Ship Log/Architecture

Architecture

The methodology API — one endpoint, two consumers

shipctl reads from it. Every agent reads from it. The customer's repo never sees the source files. One HTTP API, deliberately small, cleanly versioned. The shape that made the rest of April land smoothly.

Denys Kuzin··4 min read·architectureapibuild-in-public

By April 15 the repo had a refactor (documentation/, prompts/, runtime/), an Apache-2.0 license, a CLI scaffold, a deploy pipeline, and several adapters. What it didn't have was an API. The methodology was still being read off disk by everything that needed it.

The commit that fixed this was Unify methodology API for catalogs and add npm publish workflow. One endpoint shape. Two consumers: shipctl and the in-process agent runtime. The customer's repo never reads the source files directly.

This is a short note about why one endpoint and why two consumers, in a stack where it would have been easy to skip the API and have everything read the filesystem.

What the API does

Three resource families, two verbs each:

  • GET /patterns, GET /patterns/:id
  • GET /tools, GET /tools/:id
  • GET /collections, GET /collections/:id

Plus a fetch endpoint:

  • POST /fetch with {kind, id, version} returns the body

That's the whole shape. No mutations. No filtering language. No GraphQL. The endpoints are not even particularly RESTful — they're a thin shell over a deterministic catalog.

The catalog itself is built from the on-disk source files (prompts/, later artifacts/) at server start, with a checksum so we know when it's stale. A pattern at v0.4.2 returns the same body forever; a new body means a new version.

Why one endpoint

I argued for a richer API at first. Surely the agent will want filters? Surely the CLI will want pagination? No, and no.

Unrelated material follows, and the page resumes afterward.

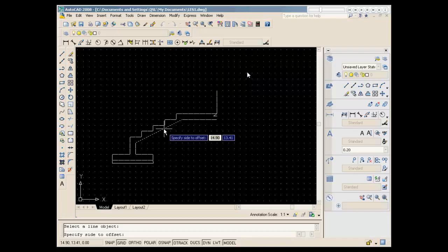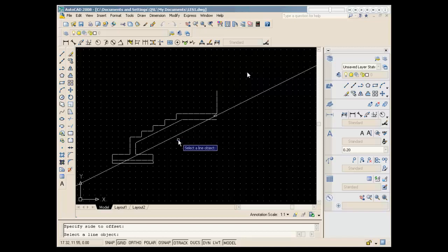Then we will select a line object. Then we will specify a site. Then we will select a line object.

shipctl lists everything once and caches locally. The agent fetches one artifact at a time, by ID + version. Neither consumer needed filters. Neither consumer needed pagination. We were planning around imagined needs.

When we wrote the actual consumer code, the API stayed small. The smallness is the feature. A small API is one we can keep stable for the lifetime of the project. A clever API is one we'd have to deprecate in three months.

Why two consumers, both via HTTP

shipctl is a separate process running on the customer's machine. Of course it goes through HTTP. That's not the interesting part.

The interesting part is that the in-process agent — code running in the same Python process as the catalog server — also goes through HTTP. It would be technically faster to read from disk directly. We chose not to.

The reason is simple: the in-process agent is the canonical consumer. If we let it read from disk, we'd be telling everyone else (shipctl, future external integrators, the customer's own scripts) that they're a second-class citizen. They'd hit edge cases the in-process code never hit. Bugs would split between paths.

By forcing the in-process agent through HTTP, we guarantee that what shipctl sees is what the agent sees. There's exactly one read path. If it has a bug, both consumers find it on the same day.

What this enabled

A bunch of things, in order of how often they came up:

  • Versioning. Bumping a pattern from v0.4.2 to v0.4.3 means the API returns the new version next time someone asks for latest, but agents already in flight still get v0.4.2 by ID. No coordination needed.
  • Cacheability. shipctl caches by ID+version. The cache is correct because versions never change. We can be aggressive about cache duration.
  • Auditability. Every agent run records which artifact ID+version it read. The methodology API is the source of truth for "what did the agent know."
  • The MCP-server experiment didn't ship. The decision to stick with this API instead of running an MCP server in parallel was clean precisely because the API was already working.

The lesson

A small API is a stable API. Two consumers on the same HTTP path is one fewer surprise per week. The temptation to make the in-process consumer "fast" by giving it filesystem access is the temptation that produces split codepaths and inconsistent bugs.

We made the in-process consumer go over HTTP and we never looked back. Every other piece of architecture in April landed smoothly because of it.